Или он говорит нечто совершенно иное? А именно: «Это просто сигара. И подумать иначе способен только еврей из Александрии, который никогда ничего не понимал во Фрейде и не пытался разобраться со своей тревожностью по поводу того, что он еврей. Сие, господин хороший, про вас говорит куда больше, чем про меня».
А я, ни секунды не поколебавшись, скажу, что он прав, что речь тут действительно обо мне и о моем захиревшем иудаизме, который отчаянно выискивает повсюду столь же захиревших евреев, хотя бы для того, чтобы потешиться иллюзией, что существуют и другие евреи вроде меня, что евреи вроде меня не одиноки, что, возможно, все евреи таковы, в том смысле, что все евреи — это другие, одинокие евреи, что ни одному еврею не дано подлинного еврейства с того момента, как он переступил порог гетто, что на всех евреях лежит отпечаток диаспоры, причем столь отчетливый, что притворяться не евреями для них — самый верный способ открыть для себя, что они евреи до мозга костей и что в этом странном новом мире, который напоминает им о том, что теперь-то они свободны, некая часть их души продолжает таиться во тьме, только и мечтая крикнуть другому еврею: «Ceci n’est pas un cigare» [10] .
10
Это не сигара (фр.).
Путешествие литературного пилигрима в прошлое
Всякий раз, как я пытаюсь осмыслить свою писательскую сущность, на ум мне приходит возглас моего стоматолога после того, как в один прекрасный день он извлек у меня из клыка четвертый нерв, о существовании которого никто не подозревал.

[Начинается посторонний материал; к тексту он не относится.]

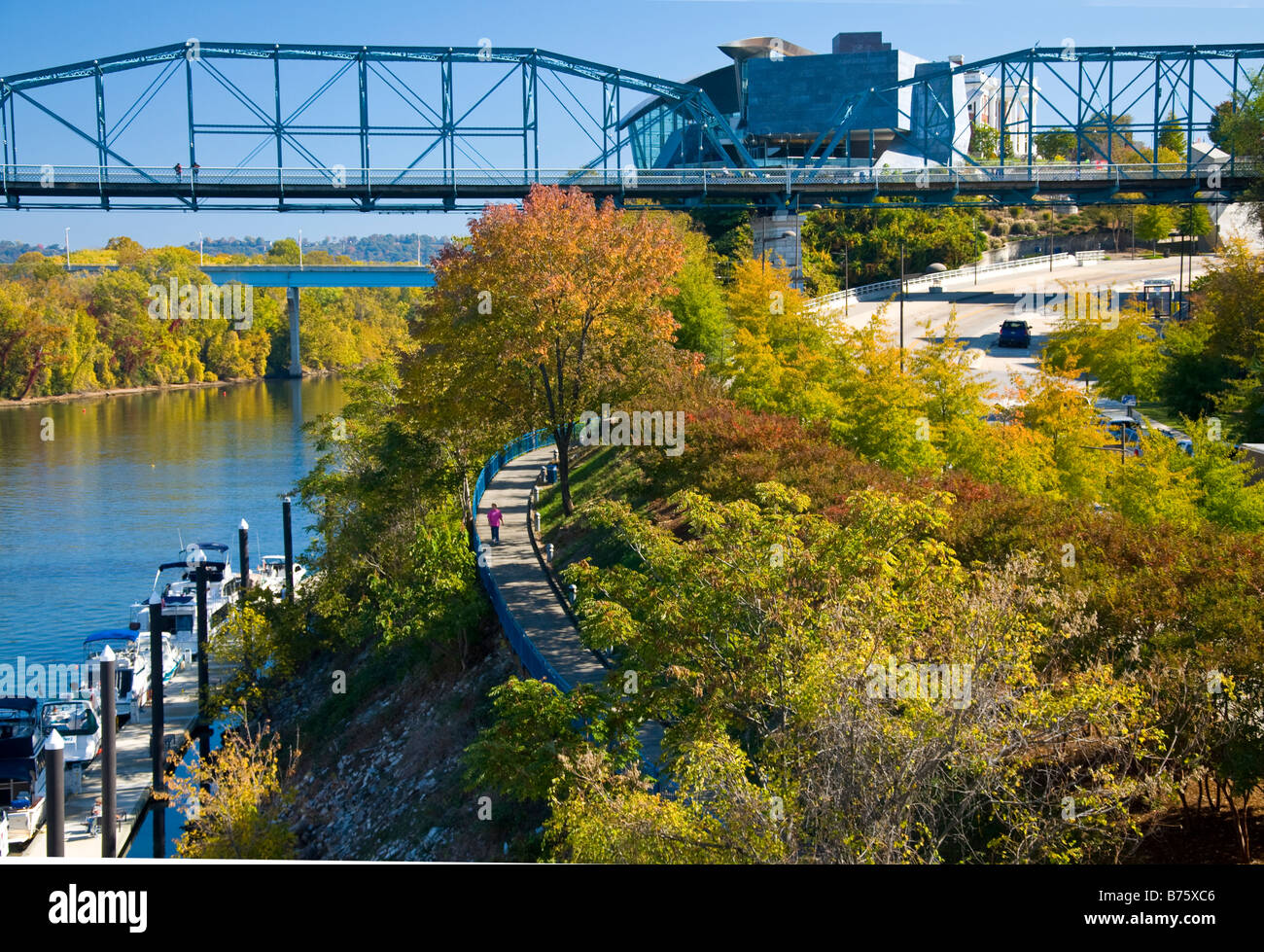 People walking along the Riverwalk beside the Tennessee River in Chattanooga Tennessee Stock Photo
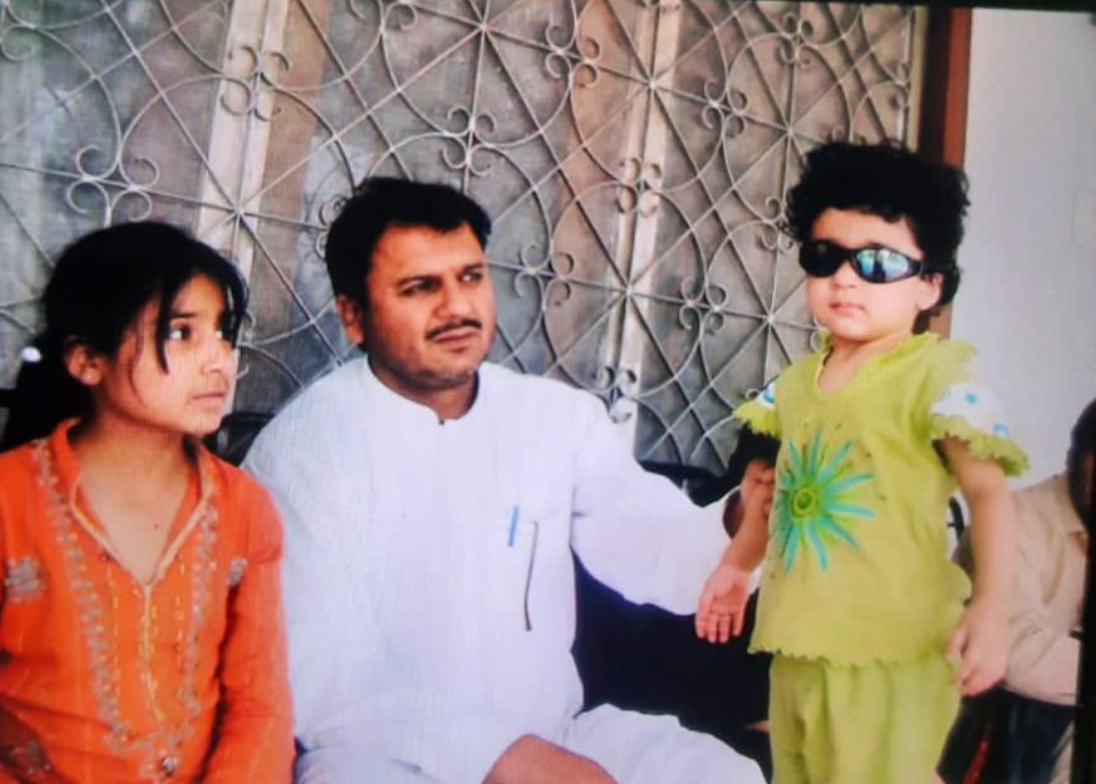 A family photograph with a child wearing sunglasses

Может, и у меня, как у писателя, тоже есть «скрытый нерв»?
Ведь, наверное, у всех писателей есть скрытый нерв, который еще можно назвать потайной комнатой, неотторжимой собственностью, и именно он порождает их прозу, приводит ее в движение, заставляет поворачивать туда-сюда, именно он не подлежит подделке, как подпись, хотя и спрятан куда глубже, чем стиль писателя, голос и прочие общеизвестные штуковины?

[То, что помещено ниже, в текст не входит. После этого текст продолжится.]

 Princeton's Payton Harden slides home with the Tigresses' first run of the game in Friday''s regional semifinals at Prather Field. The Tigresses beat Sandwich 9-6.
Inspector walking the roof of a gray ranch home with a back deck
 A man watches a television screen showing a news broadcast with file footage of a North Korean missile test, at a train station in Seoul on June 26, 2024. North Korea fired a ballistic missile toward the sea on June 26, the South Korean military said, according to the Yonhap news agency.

Скрытый нерв — главное, что есть в каждом писателе. Именно его писатели и пытаются предъявить напоказ, когда пишут о себе в нашу эпоху персональных мемуаров. Но одновременно именно его каждый писатель первым делом учится обходить, скрывать, будто нерв этот — глубокая и постыдная тайна, которую положено прятать под много слоев ткани. Некоторые и сами не знают, что таят этот нерв от собственного взгляда, а уж от чужого и подавно. Некоторые допускают грубую ошибку, принимая исповедь за интроспекцию. Другие, наделенные, видимо, бoльшим хитроумием, открывают соблазнительные пути, прямые и окольные, чтобы сильнее всех запутать. Некоторые не в состоянии определить, зачем пишут: чтобы обнажить или упрятать этот потайной нерв.
Я понятия не имею, к какой категории принадлежу.
Впрочем, что до слоев ткани, я свой нерв могу предъявить без задержки. Это место. Мое внутреннее странствие начинается с того, что я пишу о некоем месте. Другие пишут о любви, войне, страдании, жестокости, власти, Боге или стране. Я пишу о месте, вернее, о памяти про место. Пишу о городе, имя которому Александрия, который я якобы любил, а также о других городах, которые напоминают мне об исчезнувшем мире, куда я вроде как мечтаю вернуться. Я пишу об изгнании, воскрешении в памяти и ходе времени. Я пишу — или так мне кажется, — чтобы вновь ухватить, чтобы сберечь и вернуть себе прошлое, хотя вполне мог бы писать, чтобы забыть и выкинуть это прошлое из головы.